Since our actual sense of taste is composed of 5 degrees of freedom (1 sour receptor, ~30 bitter receptors, 1 umami receptor, 1 sweet recetor, and 1-3 salty receptors) I wonder how this analysis is then factored in. As other commentators have noticed, tasting is very much a social and visual sensation (olfaction is also huge, try tasting jelly beans while pinching your nose, it's like wax). Perhaps a method to further break the foods down into recipe ingredients and then compare would be beneficial to further categorize taste. You may find that some people don't have certain receptors (many people lack all 30 bitter receptors) and that foods that have these compounds are under represented in the data.
Still, great walk through, it was frank and I loved it!
If I'm not mistaken, this means that the idea of an "eigentaste" is probably half actual taste (sweet, savoury, sour, fishy) and half a function of local and global society (cooked on a BBQ, cooked in a slow-cooker, considered "Indian").
It makes sense. You can change the desirability of the same pizza by either 1) cooking it on the BBQ, or 2) calling it a vegetarian pizza, even if the end product would be virtually identical in the end.
Obviously this is reflective of the subset of society that gets recipes from AllRecipes.com, but I'll wager that you'd find similar categories if you did a larger analysis.

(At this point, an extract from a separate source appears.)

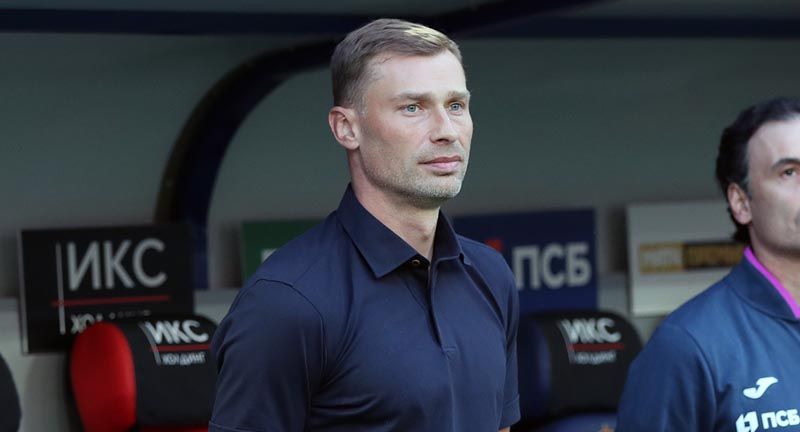 Ахметов ответил на вопрос о возможном уходе Березуцкого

I tried looking for "carbonara", meaning this dish [1]. There are 5 different results, and I believe that all of them refer to the same dish (+/- small variations). However their taste compositions are strongly different. Maybe a little bit of clustering at recipe-name level could improve the result.
Where did 40 factors come from? That seems to be entirely arbitrary - I'm not seeing any of the usual factorization diagnostics like scree plots or fits.
Right, the choice of 40 as the number of factors was totally arbitrary and unscientific. We tried factorizations with 30, 40, and 50 factors, and chose the one that produced the most interpretable latent factors.
Interesting take. I find the categorization around 'other foods' interesting, if not particularly novel. If there's anyone hanging around this board interested in applying machine learning and data science techniques to human sensory data... my company[1] builds flavor profiling and quality control tools for the craft beverage industry. Hit me up[2]!
[1] www.Gastrograph.com [2] JasonCEC [at] ^above url
Good thing about this article is how it breaks down all the steps, I was surprised.
And a very interesting application of NNMF, didn't know it took so long to process the data (but then again, Matlab is usually slow)
educational and funny, great intro to matrix factorization. Thanks!